If $n = 6m$ and $m > 5$, the two desired pairs are $a = 6(m - 2)$, $b = 12$, and $a = 6(m - 3)$, $b = 18$. This leaves us the cases $n = 6m + 2$ and $n = 6m + 4$ to concern ourselves with.

If $n \equiv 2 \mod 6$ and $m > 10$ then the pairs are are $a = 6(m - 3)$, $b = 20$, and $a = 6(m - 9)$, $b = 56$.

If $n \equiv 4 \mod 6$ and $m > 12$ then the pairs are $a = 6(m - 6)$, $b = 40$, and $a = 6(m - 11)$, $b = 70$.

The lower bounds of $m$ have been chosen to ensure the formulas give distinct pairs of abundant numbers and never the perfect number 6 itself, but its multiples.
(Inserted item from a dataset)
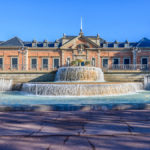 Brunnen vor der Gartenseite des Palauet Albeniz in Barcelona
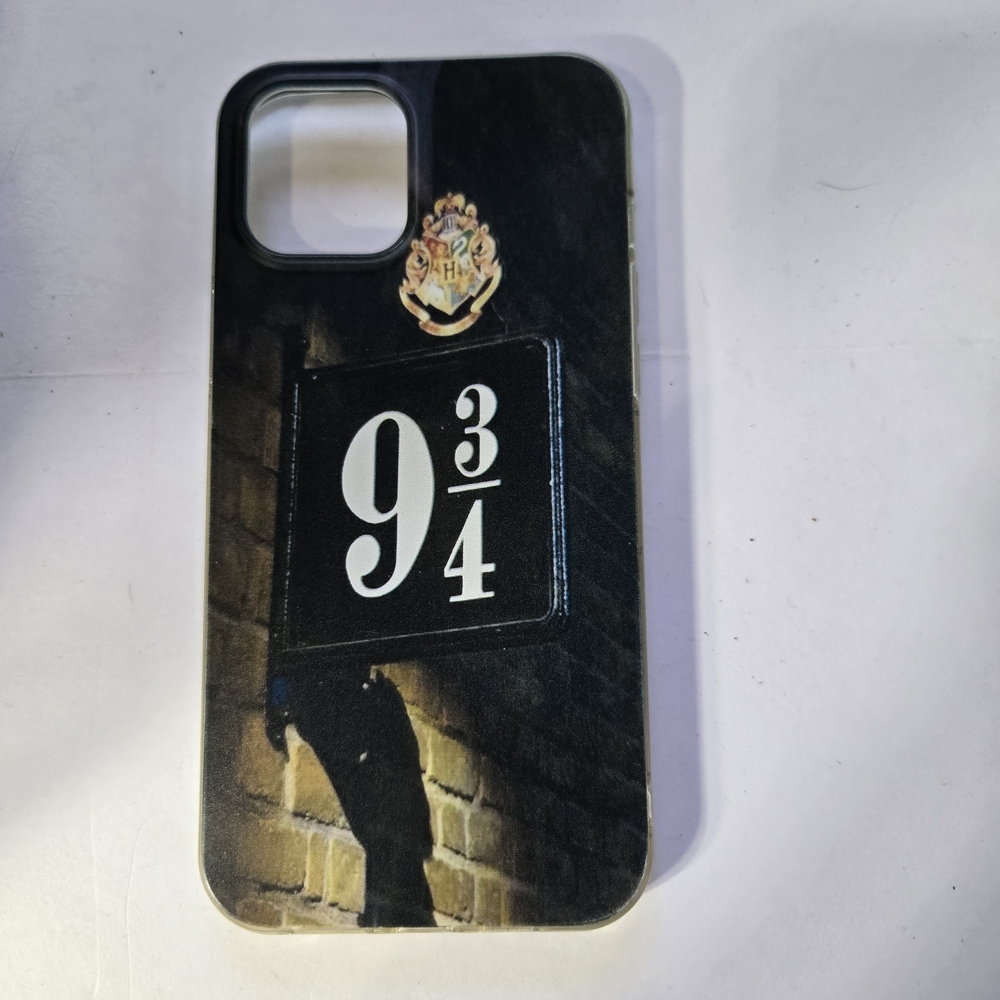 iPhone Warner Bros. Platform 9 3/4 Phone Case - Black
These values of $m$ correspond to the values of $n$ 36, 68, 82. To complete the proof we are left with the special case of $n = 76$ to examine on its own. Ignoring the bounds for $m$, the formulas above give us 76 = 40 + 36, a valid pair, and 76 = 70 + 6, which is not a pair of abundant numbers. But there is one other pair, 56 + 20, of which neither $a$ nor $b$ is a multiple of 6.
\end{proof}

The special case of 76 shows that there are solutions that don't use multiples of 6. These become more readily available as the numbers get larger.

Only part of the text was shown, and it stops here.